Data shown:
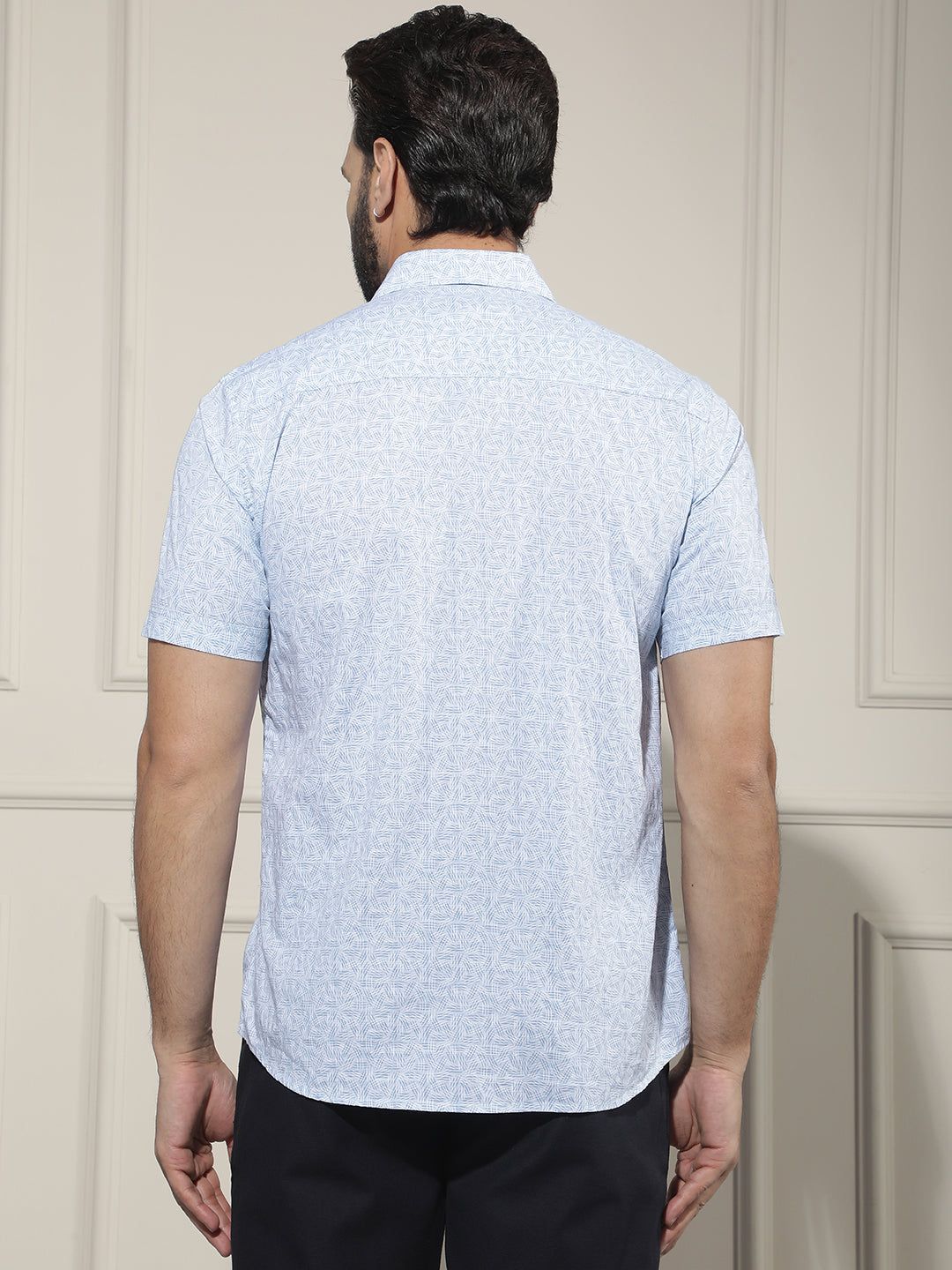 Sky Blue Geometric Printed Shirt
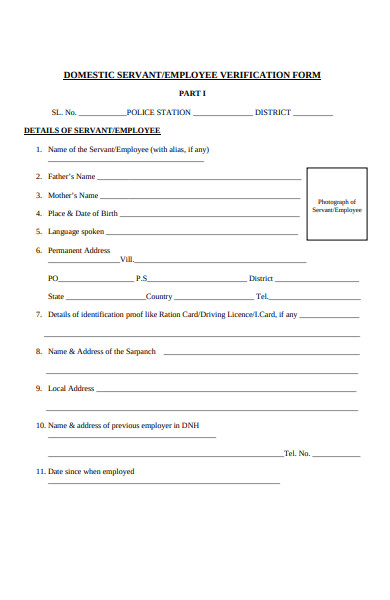 domestic employment verification form
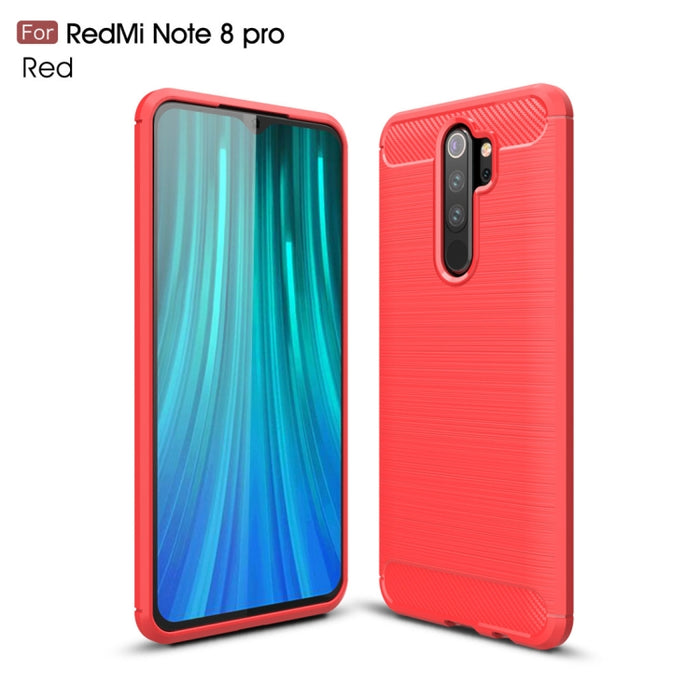 Para Xiaomi Redmi Note 8 Pro Estuche de TPU de fibra de carbono con textura cepillada, For Redmi Note 8 Pro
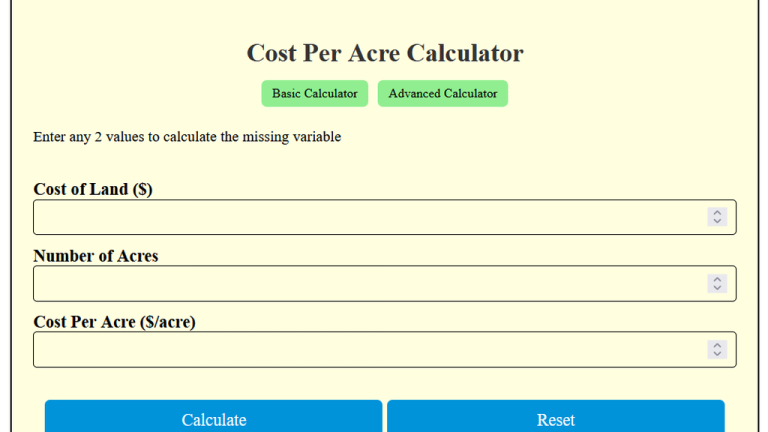cost per acre calculator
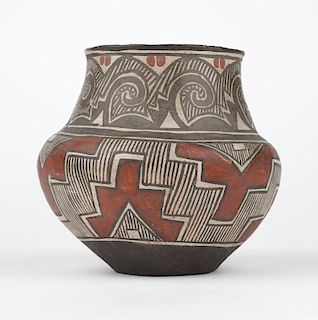 A Southwest Pueblo polychrome pottery vessel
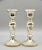 Lovely antique pair of mercury glass candlesticks with traces of lightly painted decorations. These candlesticks have a...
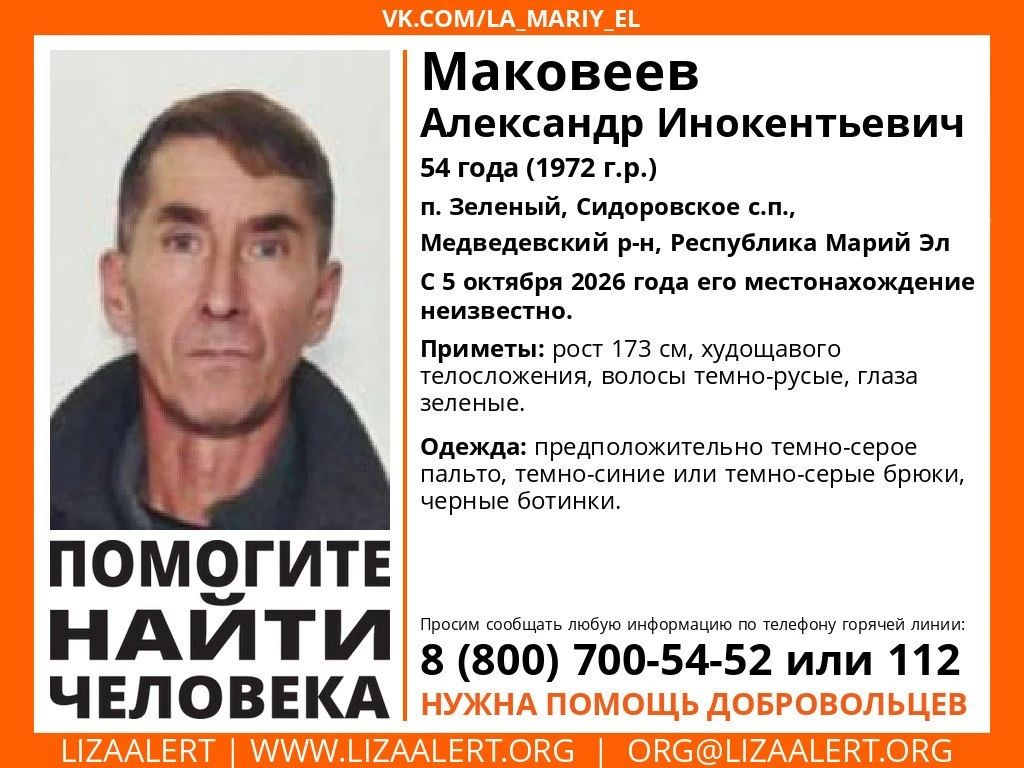 Внимание! Пропал человек!. Пропал #Маковеев Александр Инокентьевич, 54 года, п. #Зеленый, #Сидоровское с.п., Медведевский р-н, Республика #Марий_Эл
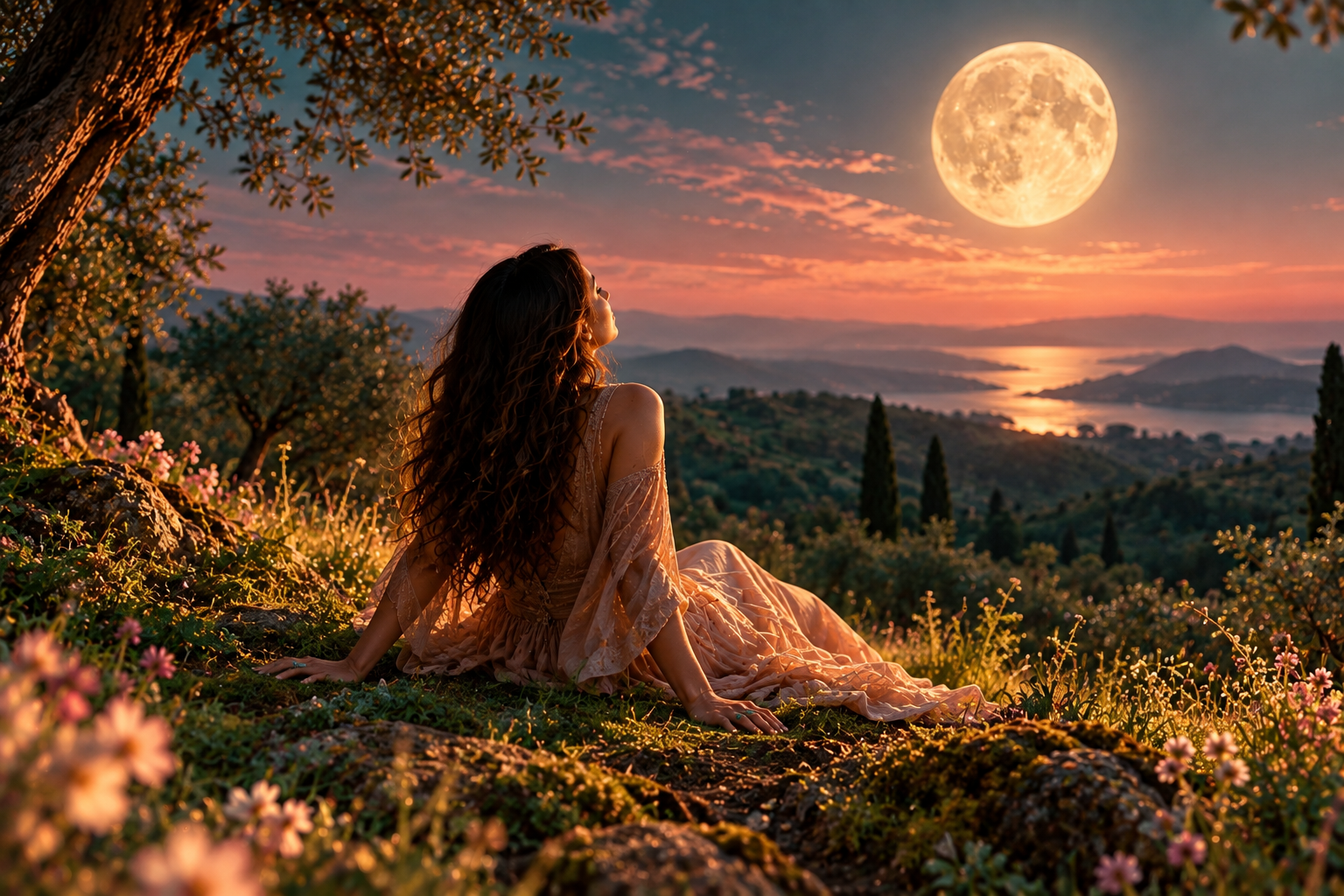A moonlit meadow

Task to carry out: Please give back an exact copy of the entries above from their first line through the line containing "A Southwest Pueblo polychrome pottery vessel", leaving the pictures aside.

Answer section:
 Sky Blue Geometric Printed Shirt
 domestic employment verification form
 Para Xiaomi Redmi Note 8 Pro Estuche de TPU de fibra de carbono con textura cepillada, For Redmi Note 8 Pro
cost per acre calculator
 A Southwest Pueblo polychrome pottery vessel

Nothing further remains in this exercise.